GENERATIVE, PREDICTIVE, AND REACTIVE MODELS FOR DATA SCARCE PROBLEMS IN CHEMICAL ENGINEERING
thesisposted on 22.07.2021, 19:53 by Nicolae Christophe IovanacNicolae Christophe Iovanac
Data scarcity is intrinsic to many problems in chemical engineering due to physical constraints or cost. This challenge is acute in chemical and materials design applications, where a lack of data is the norm when trying to develop something new for an emerging application. Addressing novel chemical design under these scarcity constraints takes one of two routes: the traditional forward approach, where properties are predicted based on chemical structure, and the recent inverse approach, where structures are predicted based on required properties. Statistical methods such as machine learning (ML) could greatly accelerate chemical design under both frameworks; however, in contrast to the modeling of continuous data types, molecular prediction has many unique obstacles (e.g., spatial and causal relationships, featurization difficulties) that require further ML methods development. Despite these challenges, this work demonstrates how transfer learning and active learning strategies can be used to create successful chemical ML models in data scarce situations.

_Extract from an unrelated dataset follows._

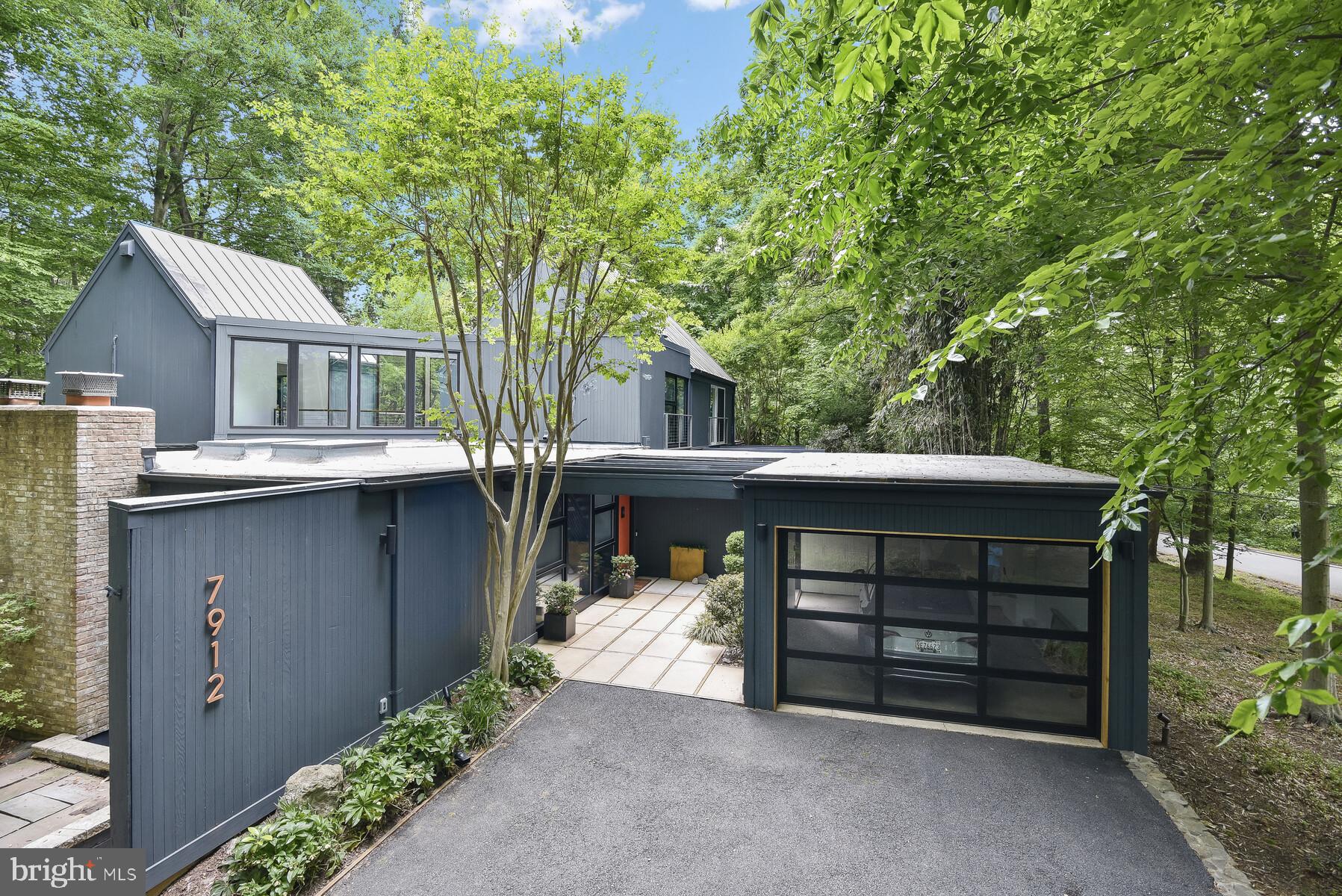 **Open House Cancelled, Offer deadline set for Sunday, 6/18, at 6 PM**Exquisitely crafted and thoughtfully renovated, 7912 Deepwell Drive stands as a celebrated masterwork of mid-century modern architecture, nestled upon a sprawling .67-acre estate in an esteemed Bethesda enclave. Tucked away amidst tranquil surroundings, this custom retreat, designed by award winning architect Walter Dodd Ramberg, ensures the utmost in privacy and serenity. Residents are greeted by a pergola covered entry walkway as they are ushered into this whimsical and light-filled sanctuary showcasing a handsome slate floored Foyer with dramatic catwalk above and eye-catching floating stairs to the Upper Level. Additional details of gleaming hardwood floors, multiple skylights and walls of windows, floating walls, striking angles and perfectly curated modern fixtures are artfully displayed in an open plan. Indulge your culinary desires with the Main Level’s gourmet Kitchen, adorned with handsome tiled floors, bespoke European cabinetry, state of the art appliances, concrete counters and a seamless transition to the pool terrace through sliding glass doors.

Transfer learning is a domain of machine learning under which information learned in solving one task is transferred to help in another, more difficult task. Consider the case of a forward design problem involving the search for a molecule with a particular property target with limited existing data, a situation not typically amenable to ML. In these situations, there are often correlated properties that are computationally accessible. As all chemical properties are fundamentally tied to the underlying chemical topology, and because related properties arise due to related moieties, the information contained in the correlated property can be leveraged during model training to help improve the prediction of the data scarce property. Transfer learning is thus a favorable strategy for facilitating high throughput characterization of low-data design spaces.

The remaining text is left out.